Chris Martin - Agents, tools, and security

Matt Webb recently shared an approach to controlling smart home infrastructure with language models—a step towards his ultimate goal of creating “a new operating system for physical space”

I spent Friday night and Saturday at the London AI Hackathon… I buddied up with old colleague Campbell Orme and together we built Lares: a simulation of a smart home, with working code for an generative-AI-powered assistant.

[…]

It’s using the ReAct pattern, which is straightforward and surprisingly effective… This pattern gets the AI to respond by making statements in a Thought/Action/PAUSE/Observation loop

[…]

Generally with the ReAct pattern the tools made available to the AI allow it to query Google, or look up an article in Wikipedia, or do a calculation… For Lares we made the smart home into a tool. We said: hey here are the rooms, here are the devices, and here are their commands, do what you want.

After a certain point, especially once you give an AI agent the ability to act on your behalf—turn on and off your lights, send emails as you, lock and unlock the doors to your house…—security vulnerabilities start to become a serious concern.

In a recent blog post, Simon Willison proposed a potential solution to prompt injection attacks. He suggests filtering all user requests through a bespoke “security” LLM before sending it off to a more powerful “agent” LLM:

I think we need a pair of LLM instances that can work together: a Privileged LLM and a Quarantined LLM.

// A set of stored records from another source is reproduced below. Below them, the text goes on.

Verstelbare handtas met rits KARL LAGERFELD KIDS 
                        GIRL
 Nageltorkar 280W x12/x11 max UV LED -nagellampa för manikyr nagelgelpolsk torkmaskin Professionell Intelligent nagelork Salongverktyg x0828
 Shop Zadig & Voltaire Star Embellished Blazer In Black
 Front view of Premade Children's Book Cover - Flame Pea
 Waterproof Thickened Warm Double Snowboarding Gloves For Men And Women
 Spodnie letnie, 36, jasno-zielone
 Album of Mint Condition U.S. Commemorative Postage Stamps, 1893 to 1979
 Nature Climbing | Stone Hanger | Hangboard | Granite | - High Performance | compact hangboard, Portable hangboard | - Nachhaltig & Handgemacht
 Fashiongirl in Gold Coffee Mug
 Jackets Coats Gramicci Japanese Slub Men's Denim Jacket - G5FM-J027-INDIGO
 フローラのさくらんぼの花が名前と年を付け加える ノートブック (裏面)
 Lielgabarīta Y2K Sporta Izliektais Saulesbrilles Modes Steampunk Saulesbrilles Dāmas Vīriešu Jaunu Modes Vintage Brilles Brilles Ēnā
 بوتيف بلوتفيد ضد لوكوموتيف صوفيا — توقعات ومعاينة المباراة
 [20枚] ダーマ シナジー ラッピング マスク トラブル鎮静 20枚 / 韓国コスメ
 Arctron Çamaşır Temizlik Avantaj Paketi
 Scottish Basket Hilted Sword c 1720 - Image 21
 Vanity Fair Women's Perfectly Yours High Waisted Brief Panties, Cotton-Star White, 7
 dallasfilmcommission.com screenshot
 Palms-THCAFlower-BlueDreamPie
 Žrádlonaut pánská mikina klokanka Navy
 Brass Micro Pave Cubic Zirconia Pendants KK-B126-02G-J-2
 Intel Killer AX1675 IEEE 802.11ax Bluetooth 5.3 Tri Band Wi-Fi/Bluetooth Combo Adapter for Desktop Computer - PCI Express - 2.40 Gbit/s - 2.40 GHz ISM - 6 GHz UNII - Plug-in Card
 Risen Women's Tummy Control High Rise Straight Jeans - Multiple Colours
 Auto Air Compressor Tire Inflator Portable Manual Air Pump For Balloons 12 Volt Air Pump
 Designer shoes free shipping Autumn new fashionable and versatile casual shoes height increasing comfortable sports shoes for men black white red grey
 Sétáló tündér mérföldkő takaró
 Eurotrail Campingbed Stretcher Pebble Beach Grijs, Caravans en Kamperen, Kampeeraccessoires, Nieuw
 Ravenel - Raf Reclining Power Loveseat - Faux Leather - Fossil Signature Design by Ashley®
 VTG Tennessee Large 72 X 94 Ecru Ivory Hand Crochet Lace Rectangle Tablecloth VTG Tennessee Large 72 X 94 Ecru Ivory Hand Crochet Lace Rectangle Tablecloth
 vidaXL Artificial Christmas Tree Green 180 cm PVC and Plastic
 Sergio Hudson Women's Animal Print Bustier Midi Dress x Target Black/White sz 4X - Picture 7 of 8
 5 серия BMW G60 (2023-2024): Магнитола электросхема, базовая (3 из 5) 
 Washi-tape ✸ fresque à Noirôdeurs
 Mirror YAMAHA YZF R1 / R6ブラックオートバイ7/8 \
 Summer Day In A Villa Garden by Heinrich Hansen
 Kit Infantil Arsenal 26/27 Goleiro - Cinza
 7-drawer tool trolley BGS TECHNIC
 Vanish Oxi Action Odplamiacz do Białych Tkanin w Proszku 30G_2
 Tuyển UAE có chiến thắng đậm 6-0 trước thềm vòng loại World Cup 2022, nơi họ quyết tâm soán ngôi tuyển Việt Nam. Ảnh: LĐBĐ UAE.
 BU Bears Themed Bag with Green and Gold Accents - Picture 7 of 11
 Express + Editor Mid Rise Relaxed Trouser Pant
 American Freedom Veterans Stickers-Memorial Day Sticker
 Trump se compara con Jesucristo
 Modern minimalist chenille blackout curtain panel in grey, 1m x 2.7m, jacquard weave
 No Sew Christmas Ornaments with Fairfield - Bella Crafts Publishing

The Privileged LLM is the core of the AI assistant. It accepts input from trusted sources—primarily the user themselves—and acts on that input in various ways.

It has access to tools: if you ask it to send an email, or add things to your calendar, or perform any other potentially destructive state-changing operation it will be able to do so, using an implementation of the ReAct pattern or similar.

The Quarantined LLM is used any time we need to work with untrusted content—content that might conceivably incorporate a prompt injection attack. It does not have access to tools, and is expected to have the potential to go rogue at any moment.

It has become increasingly clear that the process of creating robust systems that incorporate language models is going to look very similar to “traditional" programming. Sure, it might be an extremely “high level” programming language but it still carries many of the existing complexities that have always been present.